Pictures do not belong in the copy, so please give every entry below again exactly.

[[ Input records open ]]

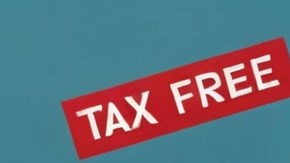 Imagen de artículos escolares comprados durante los días sin impuestos en EE.UU.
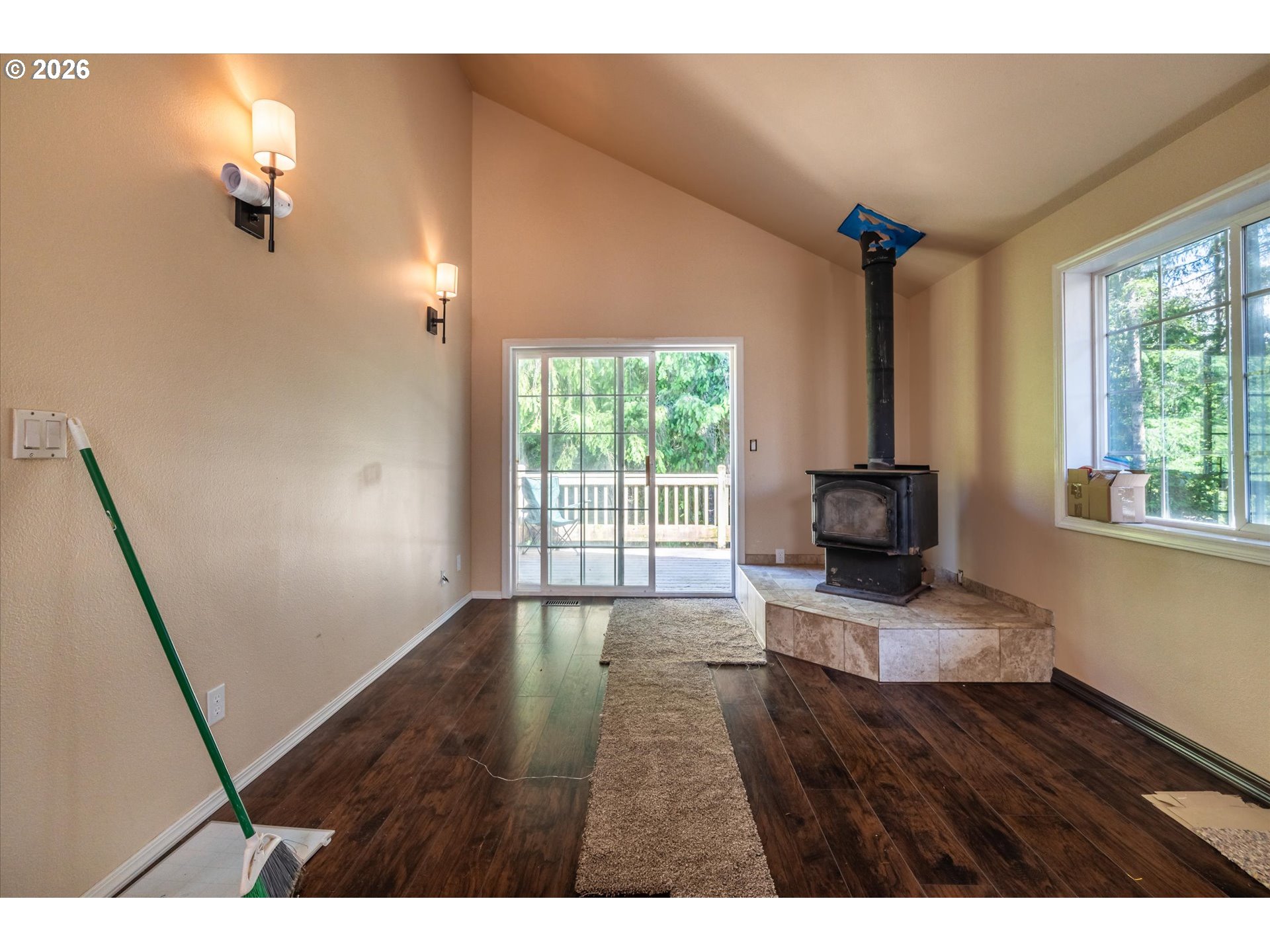 93845 Upper Loop Lane Coos Bay, OR 97420 - Photo 21 of 48 Great Room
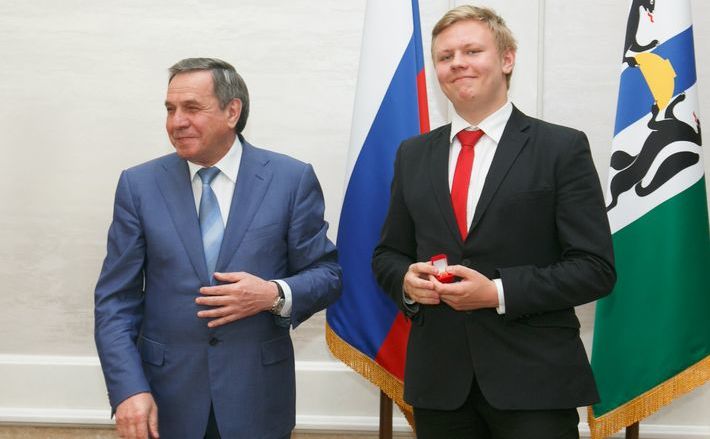 Губернатор Владимир Городецкий поздравил Дмитрия Ромского. Фото Аркадия Уварова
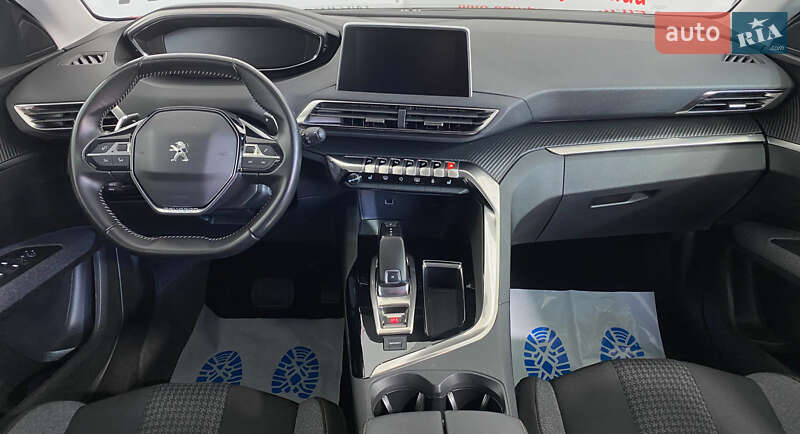 Внедорожник / Кроссовер Peugeot 5008 2020 в Львове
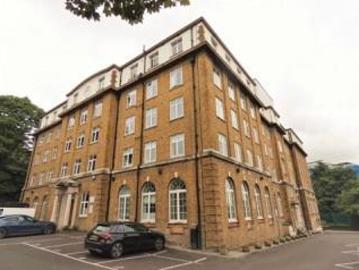 Woodlands Heights, Vanbrugh Hill. 3 bed flat to rent £2,500 pcm £577 pw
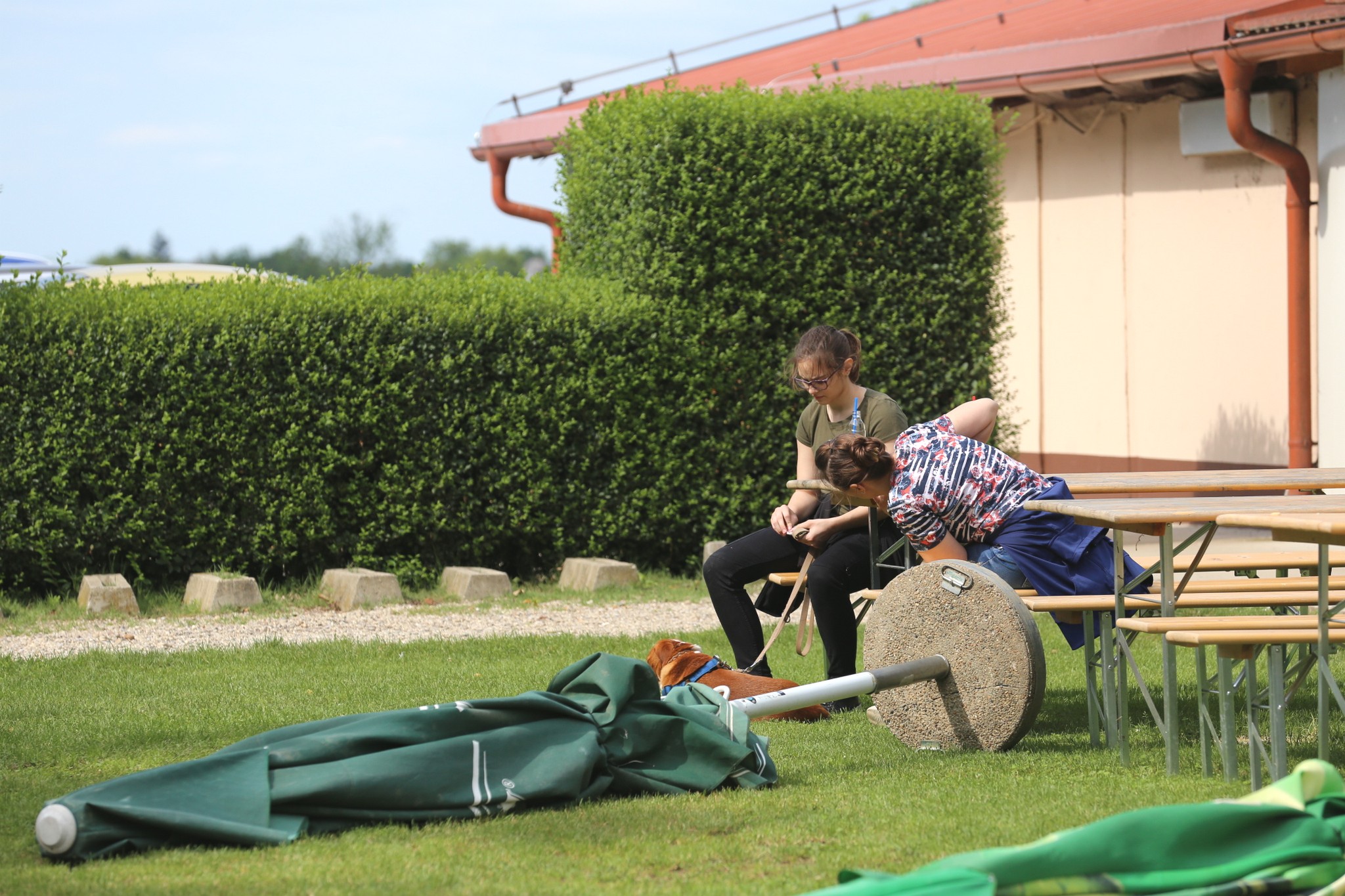 Vjetrovit, ali topao dan mnogi su iskoristili za šetnju preloškom Marinom
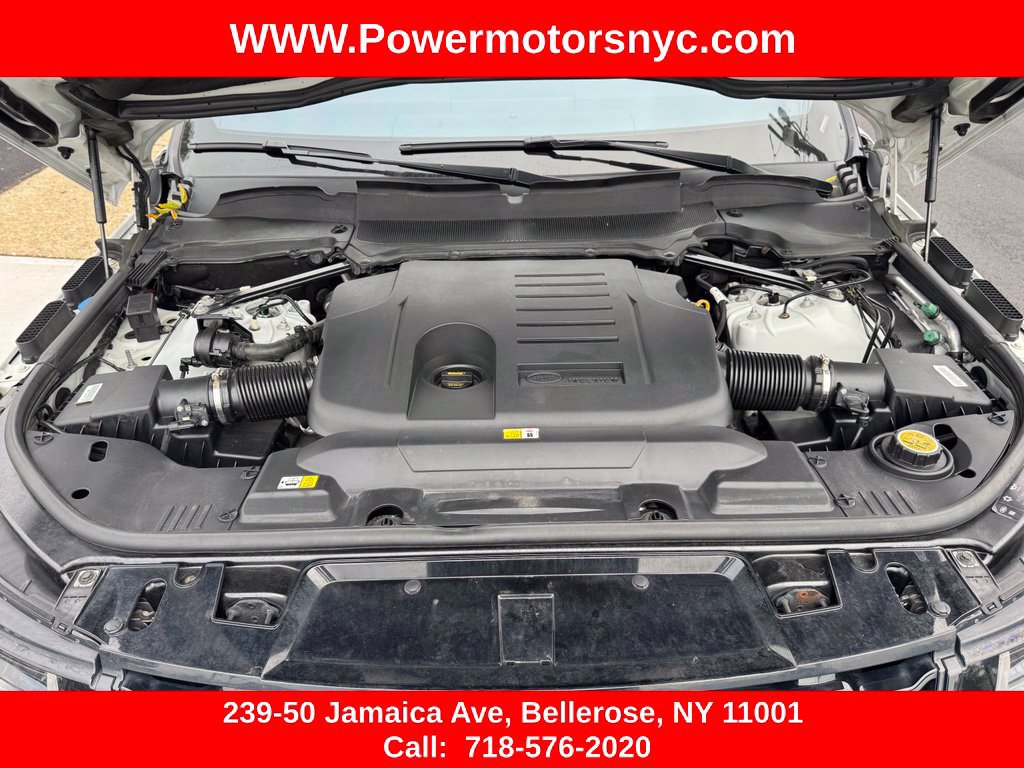 Used 2021 Land Rover Range Rover Sport HST AWD/4WD image 18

[[ Input records closed ]]

Exercise response:
 Imagen de artículos escolares comprados durante los días sin impuestos en EE.UU.
 93845 Upper Loop Lane Coos Bay, OR 97420 - Photo 21 of 48 Great Room
 Губернатор Владимир Городецкий поздравил Дмитрия Ромского. Фото Аркадия Уварова
 Внедорожник / Кроссовер Peugeot 5008 2020 в Львове
 Woodlands Heights, Vanbrugh Hill. 3 bed flat to rent £2,500 pcm £577 pw
 Vjetrovit, ali topao dan mnogi su iskoristili za šetnju preloškom Marinom
 Used 2021 Land Rover Range Rover Sport HST AWD/4WD image 18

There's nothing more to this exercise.